Key Experimental Results¶
Main Results¶
Faithfulness and Completeness Evaluation (tested on 100 random ImageNet1K queries; logit changes are observed after ablating neurons inside/outside the circuit):
| Ablation Condition | ResNet50 | ResNet101 | VGG19 | MobileNetV3 | Mean Drop |
|---|---|---|---|---|---|
| Original (no ablation) | 17.17 | 17.46 | 20.94 | 17.34 | — |
| Random neuron ablation | 15.66 | 13.80 | 19.03 | 15.01 | ▼2.35 |
| Ablate neurons inside GCC | 6.41 | 6.18 | 12.93 | 12.95 | ▼8.60 |
| Ablate neurons outside GCC | 16.12 | 14.58 | 19.93 | 15.88 | ▼1.74 |
Ablating neurons inside GCC causes a substantial drop in logits (8.60), far exceeding random ablation (2.35); ablating neurons outside GCC has minimal impact (1.74), demonstrating that the discovered circuits are both faithful and complete.
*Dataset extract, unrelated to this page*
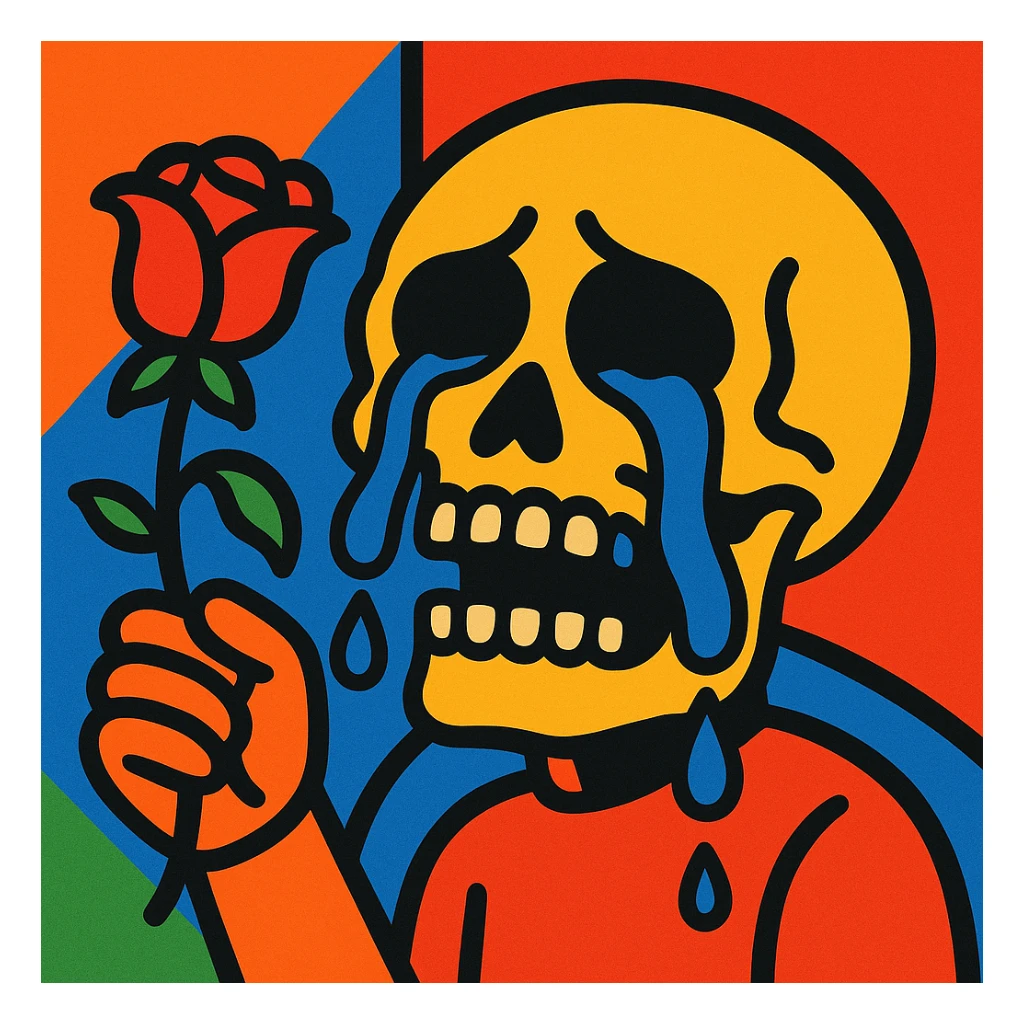 a skull crying with big streams of tears while holding a wilted rose, visually striking style, vibrant toon style sticker
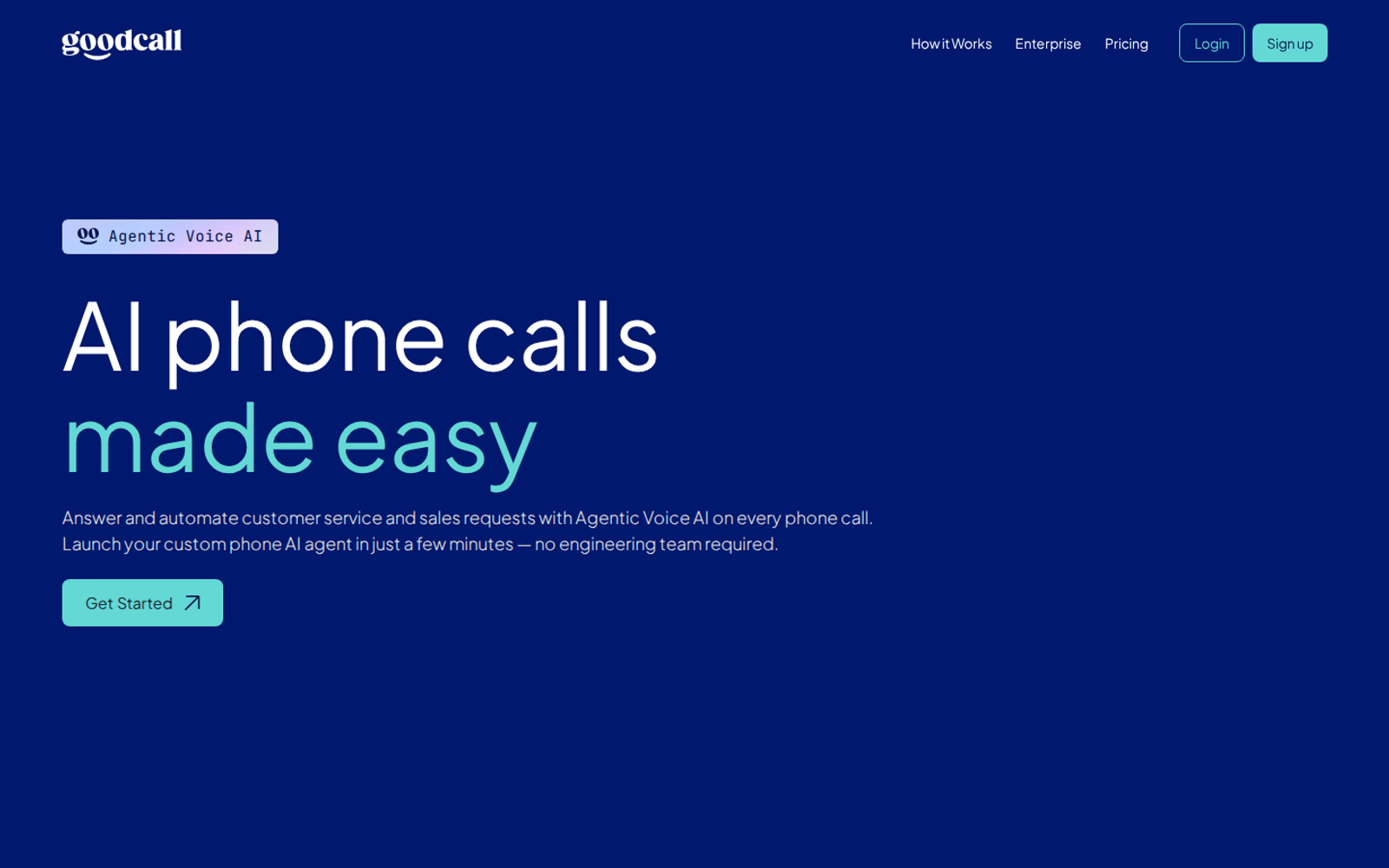 Screenshot of the Goodcall homepage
Ablation Study (User Study)¶
33 participants rated GCC on five dimensions (5-point scale):
| Evaluation Dimension | Mean Score |
|---|---|
| Query relevance: whether GCC relates to the query | 3.65/5 |
| Diversity: whether GCC captures a variety of concepts | 4.00/5 |
| Prototypicality: whether GCC represents commonalities across multiple queries | 4.45/5 |
| Connection plausibility: whether node–node and query–node connections are reasonable | >90% rated as plausible |
| Comparison with VCC: which captures more meaningful concepts | 70% preferred GCC |
Edge ablation/insertion experiments: edges are removed or added in order of \(S_{NS}\) rank; removing high-ranked edges leads to rapid performance degradation, while adding them yields significant gains.
Key Findings¶
- First concept-level decomposition of visual circuits: A single "scoreboard" image can be decomposed into 17 GCCs, each corresponding to a distinct concept such as sky background, flag, and clock.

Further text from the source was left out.